For instance, Article 12 restricts landownership to people of Northern Marianas descent, or NMDs. At the same time it limits the sale of your land to NMDs only. This very limitation derails your rights to full ownership of your land.

Isn’t this a clear interference of your rights as the landowner? Isn’t this limitation a sure way of denying you what you could get (in the case of a sale) by way of top dollar or fair market value of your land? Isn’t this a weird sense of landownership where Article 12 says it’s yours and not yours at the same time?

Article 12 says the land is yours, yet you must seek the permission of others to use what you claim as your land. It is a strange form of landownership. Would you agree to surrender a portion of your rights to your private property as provided under Article 12? Isn’t the disposition of your land solely yours and yours alone?

Isn’t this discriminatory against other U.S. citizens? Isn’t this a violation of U.S. citizens’ rights to own property as clearly spelled out under the Bill of Rights of the U.S. Constitution?

[B]Assault against our children:[/B]

Article 12 requires ethnicity, specifically, blood quantum requirement of 25 percent in order to qualify to own land in the NMI. Isn’t this alleged protection of NMI land the very source or constitutional provision designed to displace and rob our children of their rights to inherit land?

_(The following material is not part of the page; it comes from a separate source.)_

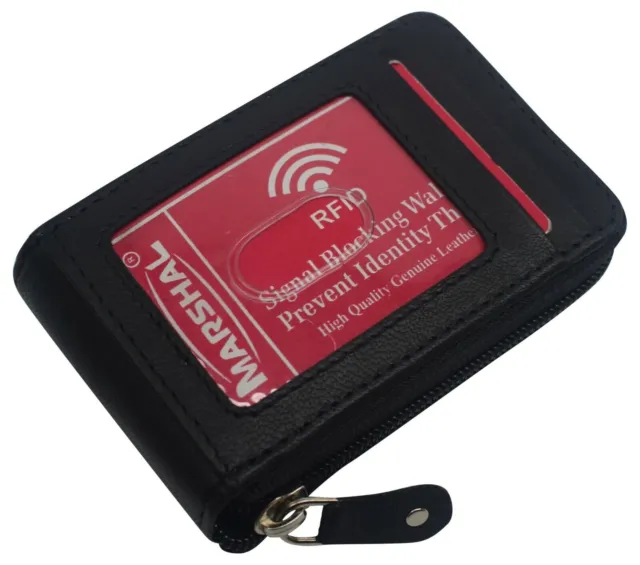 Genuine Leather Men Wallet Credit Card Holder RFID Blocking Zipper Pocket Thin 2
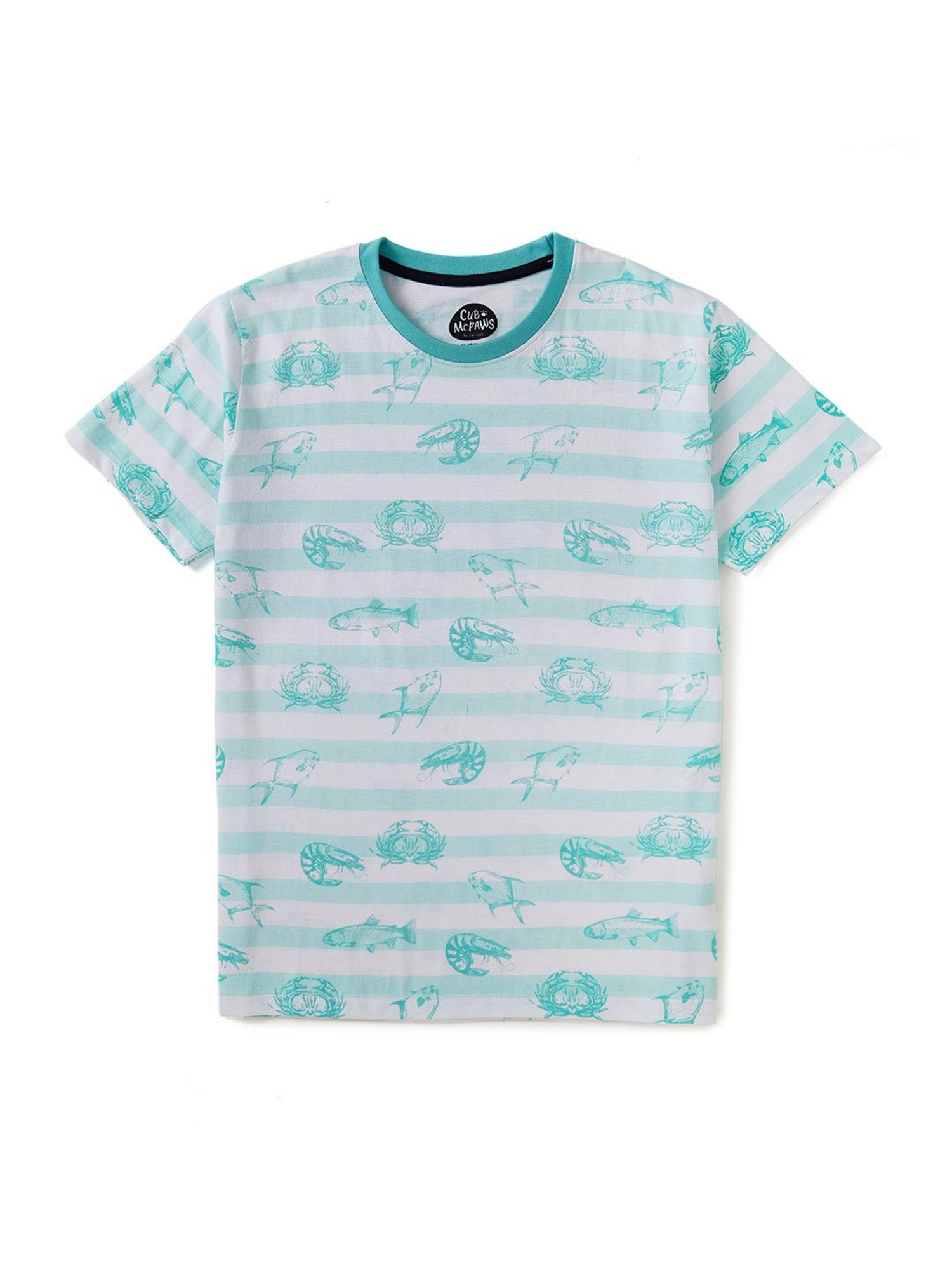 Cub McPaws Kids White & Blue Striped  T-Shirt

Isn’t it true that such provision also denies our children their rich heritage of home? Why can’t this be one of lineage?

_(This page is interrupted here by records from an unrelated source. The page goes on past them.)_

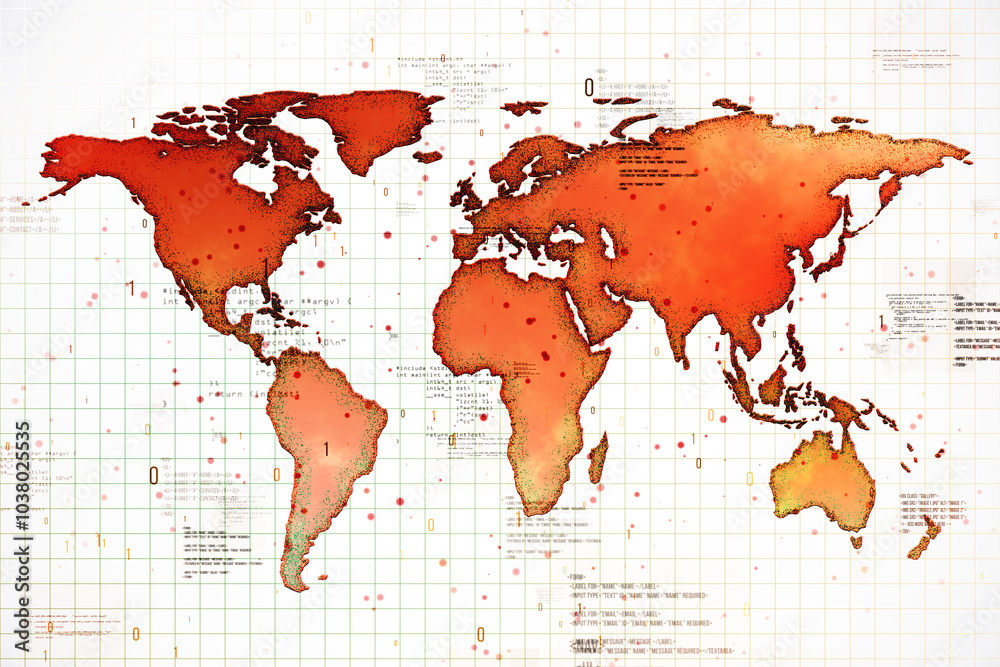 Aufkleber World map with digital data overlay on a grid background. 3D Rendering
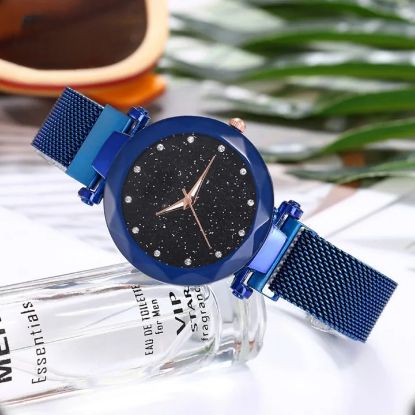 Picture of Trendy Magnetic Fashionable Luxury Stainless Steel Watch For Women - Blue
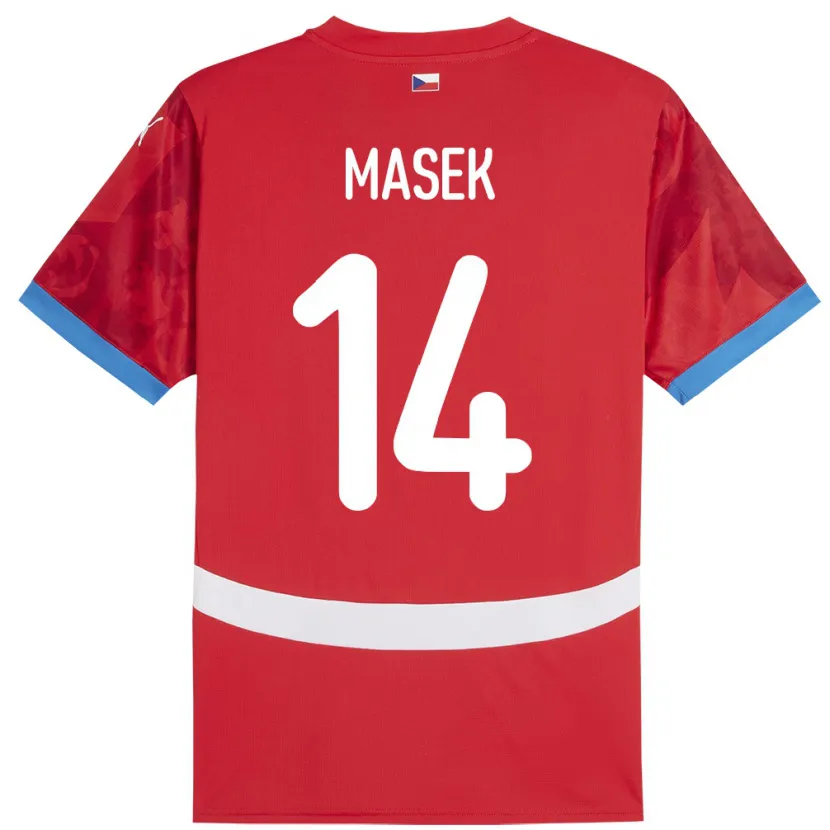 Danxen Homme Maillot Tchéquie Lukas Masek #14 Rouge Tenues Domicile 24-26 T-Shirt
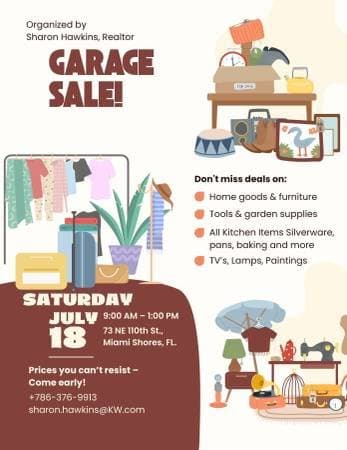 Miami Shores Garage Sale – Furniture, Home Goods, Tools, Kitchenware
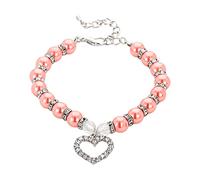 Pearls Diamonds Dog Collar Pet Dog Chain Cat Collar Adjustable Stainless Steel Design Glitter Safety (L)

Finally, is DNA mapping equipped with the technology to identify how much Carolinian or Chamorro blood is in each of us? Indeed, DNA is a map of a person’s physiological makeup. But it lacks the means to identify which is one is Carolinian and by how much. This constitutional provision only goes to show the shortsightedness of imposing ethnicity and blood quantum as a requirement for qualification to landownership.

[B]Is NMI land for NMDs only? [/B]

It’s healthy to take a quick glimpse into whether Article 12 fulfilled its intent to limit landownership strictly to the indigenous Chamorros and Carolinians. Or where there are issues where it failed to do so. Therefore, the inclusion of provisions for purposes of convenience that illustrate, time and again, its obvious shortsightedness.

Were you aware that Article 12 gave land to non-NMDs? It defined Micronesians who were here on Dec. 31, 1950 as NMDs. Therefore it made NMDs by imposing a date in order to be what’s known in legal lingo as “grandfathering.” At the same time, it disqualified Chamorros and Carolinians who weren’t here on Dec. 31, 1950.

This provision conveniently disqualified factually and biologically full-blooded Chamorros and Carolinians. It goes to show that this provision failed in its attempt to keep local land for the real hosts of these islands.

Too, there’s the adoption provision where a minor (Chinese, Filipino, Bangladesh, and others) adopted by NMD parents fully qualify to inherit land in the NMI. Do you see the troubling contradiction under Article 12?

[B]Denial of opportunities [/B]

There are federal housing programs that are available for our young people and military veterans that can’t be implemented here because of Article 12. Banks have also closed their real estate loan departments because of the troublesome nature borne by this constitutional provision.

This is an issue that you need to think through in that as our young people begin establishing new families, the opportunity to build the first family home becomes next to impossible. Thus, is it right for us to keep Article 12 when in fact it is the obstruction that shuts off homeownership for our up-and-coming young people?

There’s also the creeping and steady loss of revenue generation that would mean far less for far more either way we turn. It includes far less for scholarships, medical referral, and other family obligations. Article 12 prevents you from using the equity or value of your land for loans that would enable you to deal with urgent family issues. Is it right to retain Article 12 in perpetuity and subject families to undue hardships?

The issue is in the palm of your hands and only you can make a major difference in your forward-looking plans to living and raising your children in our tiny paradise. The foregoing gives you a glimpse of issues that you need to understand as you decide whether to retain or repeal Article 12. It’s in the palm of your hands!